Sunday, July 14, 2013

The Moon’s Deep Circle by David Holly





Reviewer: Bob Lind, Echo Magazine
Publisher: Bold Strokes Books, April 2013
Pages: 264


Four Stars Out of Five


Growing up, Tip was never that close to his much older brothers, Thad and Tye, barely remembering them attending high school when Tip was just starting school. The memories end there, since both brothers disappeared mysteriously one day, and were never talked about again by Tip's deeply-religious parents. Still, a constant memory remained in the house, where their mother maintained their shared bedroom, which was otherwise locked to keep Tip out of it. More than a decade has passed, and Tip is now learning more about his brothers, having managed to sneak Thad's journal out of the room, when his mother forgot to lock it.

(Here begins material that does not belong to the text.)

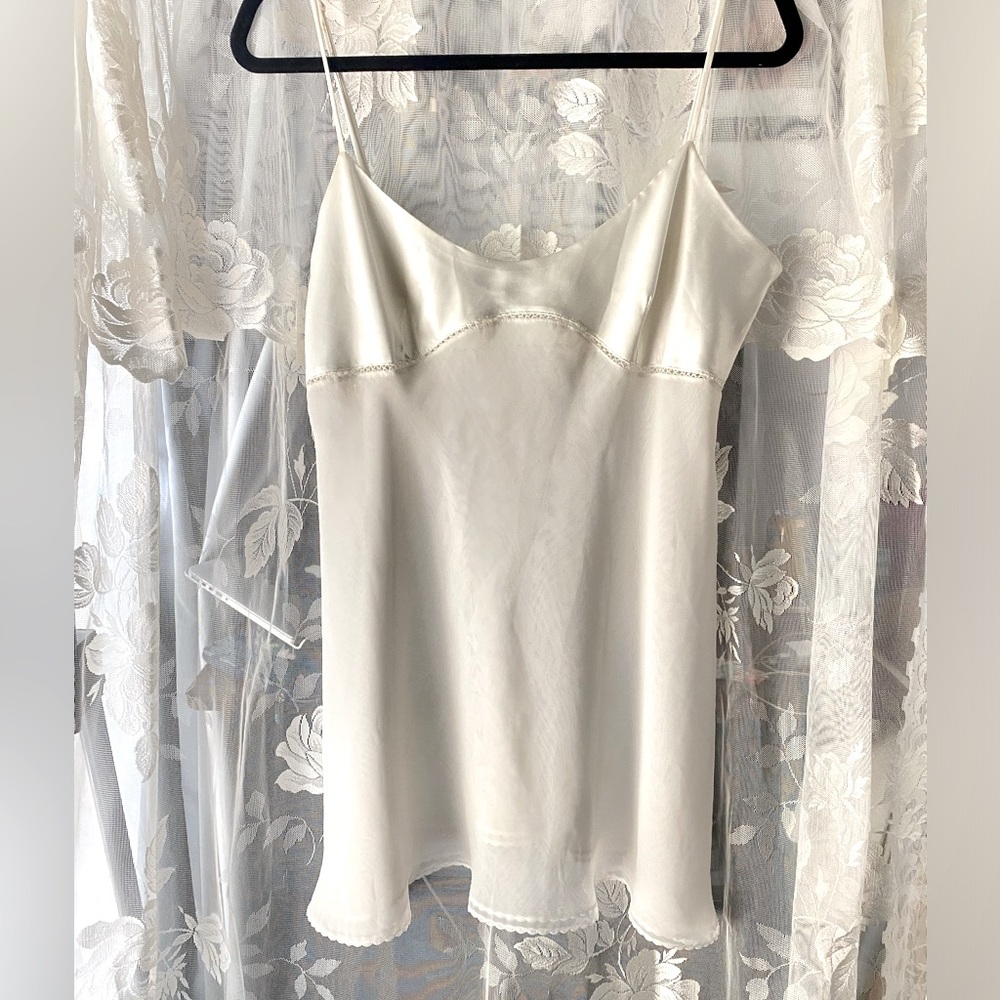 Vintage  Victoria’s Secret White Baby Doll Bridal Lingerie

The descriptions of gay sexual activity in the journal helps Tip realize his own attractions to other guys, which he had previously suppressed in order to maintain the façade of a typical high school jock in this small rural Oregon town. He began to explore those feelings with two other closeted swim team members, and shares part of the journals with them. The journals talk about a ritualistic gay pagan group, in which both of his brothers became involved through a professor at their college. Tip is also driven by wanting to know what happened to his brothers, and uses clues from the journal to find them, even though he realizes the results might "out" him to his deeply-religious, conservative parents and fellow students, which might result in his own subsequent "disappearance."

An engaging, well-written story, giving an extreme example of the problems that a forced religious background may have on a gay teen.
There is significant explicit content, making it inappropriate for younger teen readers.